I’ve read that at the center of large celestial bodies there’s zero gravity (or close to). While confirmation would be nice, if true, I’m wondering how large that area can actually be and moreover, does it scale up with more mass and/or even size - that is, does the sun have a larger center area of low (zero?) gravity than the earth and so on with evermore mass. Or is that area the same regardless of mass’ size?
Thank you
If you had a planet that was hollow in the center*, the entire hollow region would have zero gravity. You could have a thin-skinned planet with the entire interior an empty weightless void. I doubt any planets like this actually exist.
* Assuming radial symmetry. If you can represent the planet as concentric spherical shells then you’re good.
I thought this was wrong, but it is true:
Brb fixing my other comments.
Yeah it’s a pretty counter intuitive result. I’d expect a greater pull of gravity towards the nearer side, but it turns out to be exactly cancelled out by the greater mass on the further side.
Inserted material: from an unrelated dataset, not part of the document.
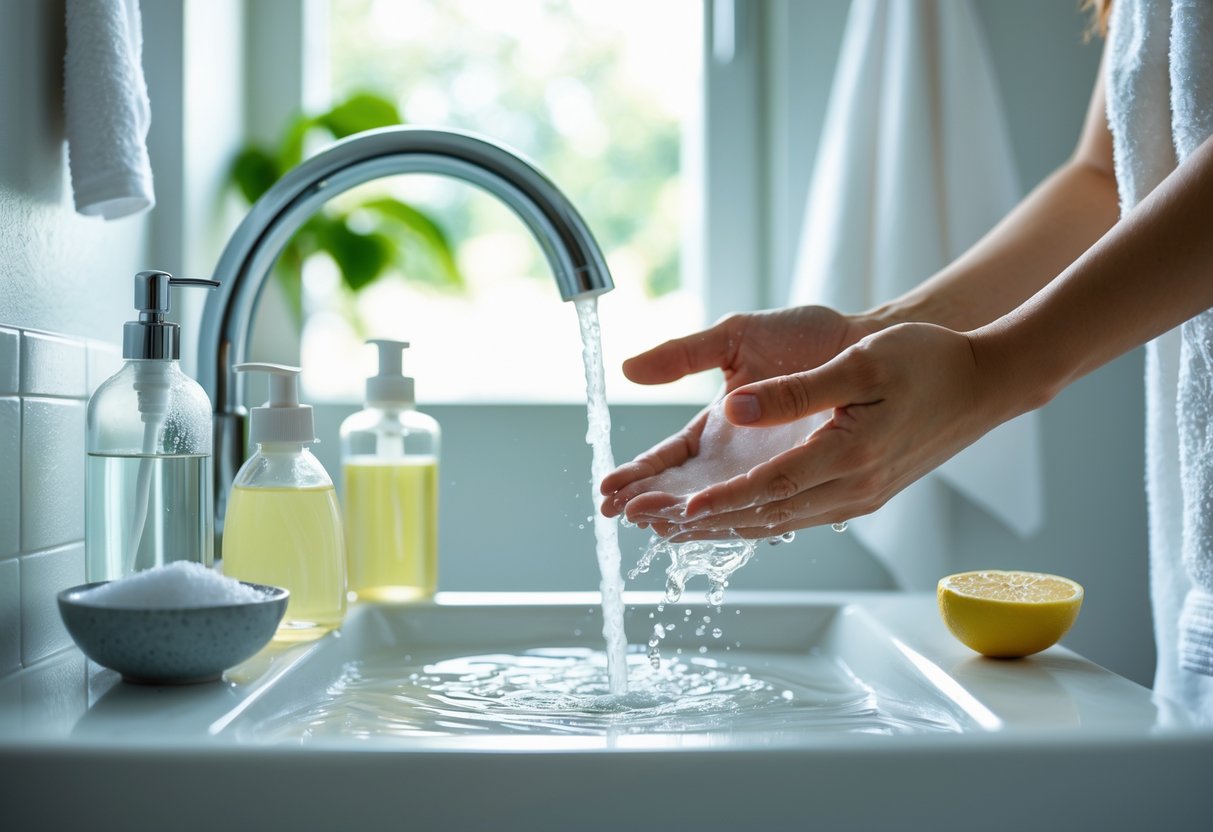 A person washing their face and hands at a bathroom sink with natural cleaning products and an open window in the background.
E: oops, looking at your edited comment, I should stress this is only for hollow bodies. Your comment pre-edit was correct for non-hollow bodies. If you’re part way to the middle of a planet, you can think of the planet as two sections, a small sphere for the part that’s below you, and a larger hollow shell for the rest. You experience no gravity from the outer shell, so only feel gravity of the smaller mass below. 10m from the earth’s center, you feel equivalent gravity to if you were on a 10m radius iron sphere.
A center of gravity is a single point and couldn’t be expanded to fill a planet’s interior, even if the space was only 1m^3
You’re right but that was not the point. The comment just explained that at any point inside a hollow sphere gravity forces cancel out so that effectively there is no gravity.